Only the lines below from the one containing "Imagem de Rodizio" through the one containing "エステー G消臭力 クラッシュゲル室内用 詰替 1.4kg カモミール_" belong in the answer, set down exactly, with the pictures left out.

*** Excerpted data ***

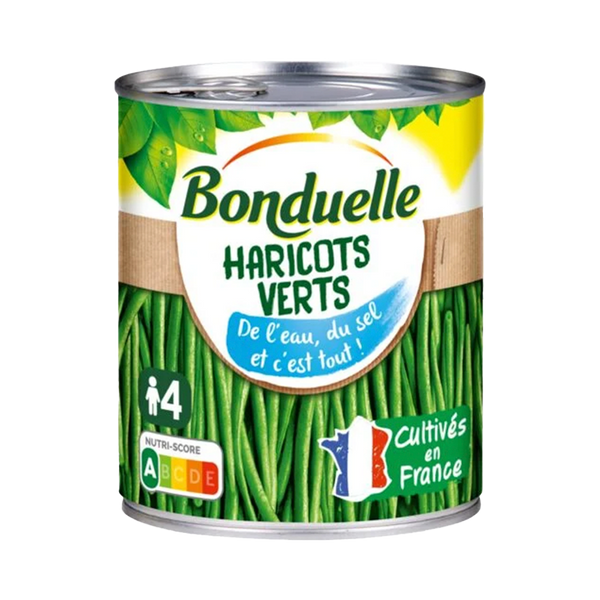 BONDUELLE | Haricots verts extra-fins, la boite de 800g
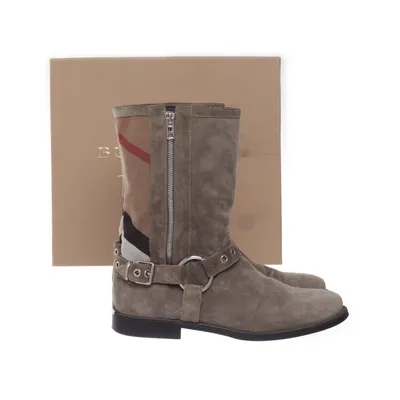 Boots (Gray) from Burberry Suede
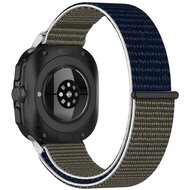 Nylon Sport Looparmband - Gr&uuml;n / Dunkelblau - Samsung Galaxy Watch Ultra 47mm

*** End of Excerpted data ***
*** Excerpted data ***

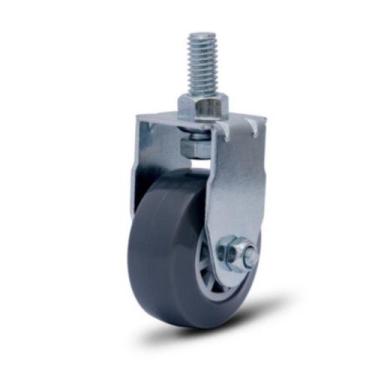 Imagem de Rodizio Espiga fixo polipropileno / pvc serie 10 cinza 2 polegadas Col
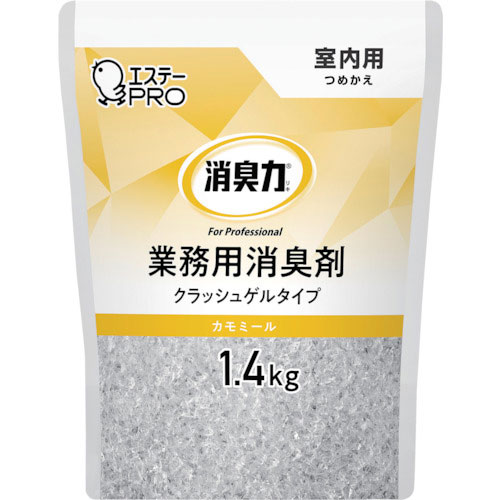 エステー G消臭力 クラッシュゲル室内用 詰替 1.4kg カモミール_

*** End of Excerpted data ***

• _Answer section_
 Imagem de Rodizio Espiga fixo polipropileno / pvc serie 10 cinza 2 polegadas Col
 エステー G消臭力 クラッシュゲル室内用 詰替 1.4kg カモミール_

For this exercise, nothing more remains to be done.